At the meetings in Washington, Sanders staff and those who signed the letter were joined by a trio of independent “facilitators” — two of them, Pamela Coukos and Jenny Yang, a former chair of the Equal Employment Opportunity Commission, from a firm called “Working IDEAL” and another, Rene Redwood, who is the chief executive of Redwood Enterprise and was named by Hillary Clinton’s presidential campaign in February 2016 as a prominent African American woman supporter.
The letter from former staffers that set the summit in motion touted the “unique camaraderie” that existed within Sanders’ 2016 team and said their request to meet over the allegations had been spawned by “an ongoing conversation on social media, in texts, and in person, about the untenable and dangerous dynamic that developed during our campaign.” Among the stated goals: their hopes of “mitigating the issue in the upcoming presidential cycle — both in the primary and potential general elections campaigns for 2019 and 2020.”
The Friends of Bernie Sanders, his campaign committee, in a statement on December 30 thanked “the signers of the letter for their willingness to engage in this incredibly important discussion” and listed steps — including new reporting structures and a 1-800 number for staffers who needed to lodge private complaints — the organization had taken during Sanders’ 2018 Senate re-election campaign to install “more robust policies and processes regarding discrimination and harassment.”
After the New York Times published a report days later detailing allegations of sexual harassment and pay disparities on the campaign, the committee again responded by saying it “does not and will not tolerate harassment or discrimination of any kind.”
That night, January 2, Sanderspledged in an interview with CNN’s Anderson Cooper that, if he were to run again, “We will do better next time.”
But in denying any knowledge of the allegations during the 2016 campaign, Sanders said that he “was a little bit busy running around the country trying to make the case” — a response critics viewed as flip and allies worried would overshadow his apology.
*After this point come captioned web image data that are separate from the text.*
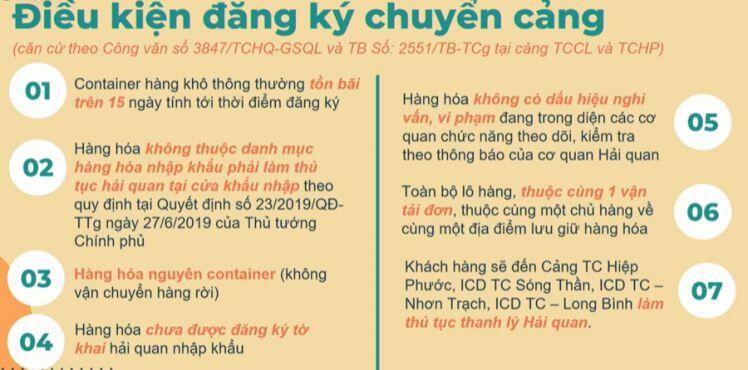 Tân Cảng - Cát Lái "hạ nhiệt", vẫn lo hiệu ứng "domino" dịch chuyển chuỗi sản xuất ra khỏi Việt Nam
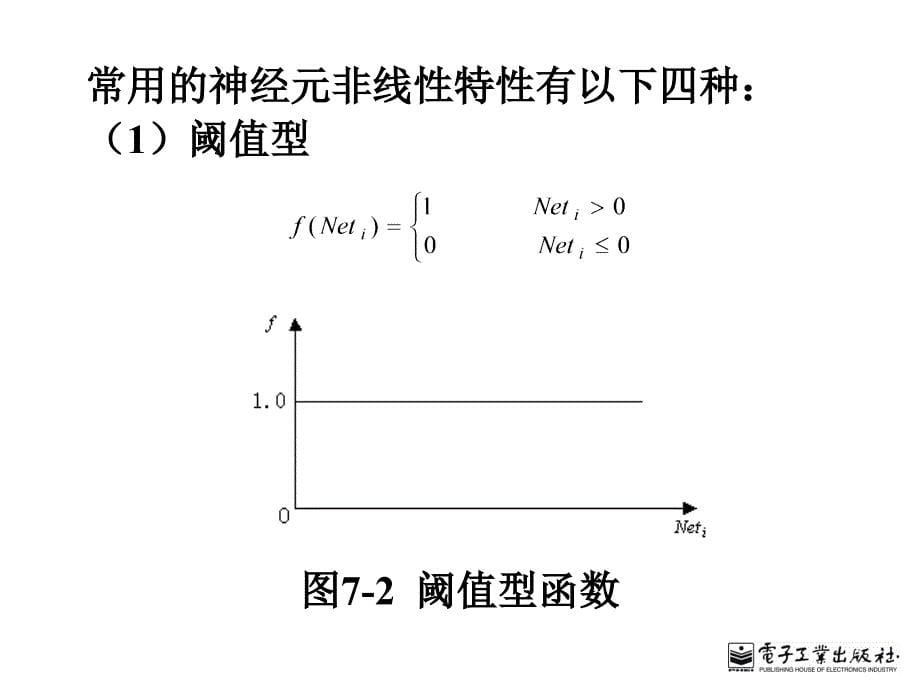 智能控制第7章典型神经网络_第5页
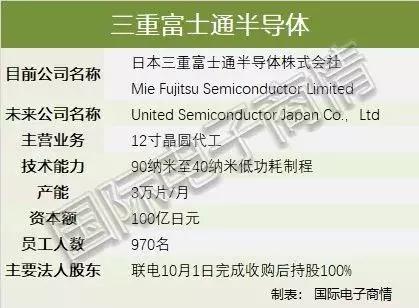 联电收购厦门联芯的所有股权,联电收购厦门联芯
Eight days later, after an aide who worked in multiple states for the 2016 campaign was accused of forcibly kissing a woman who had previously worked for him, Sanders apologized again, this time addressing the allegations at the end of a news conference on Capitol Hill.
First he thanked “from the bottom of my heart” the women who were “harassed or mistreated” for speaking out, then — this time in greater detail — spoke about his regrets.
“What they experienced was absolutely unacceptable, and certainly not what a progressive campaign or any campaign should be about,” Sanders said. “When we talk about — and I do all of the time — ending sexism, and ending all forms of discrimination, those beliefs cannot just be words. That, they must be based in day to day reality and in the work that we do. And that was not the case, clearly not the case, in the 2016 campaign.”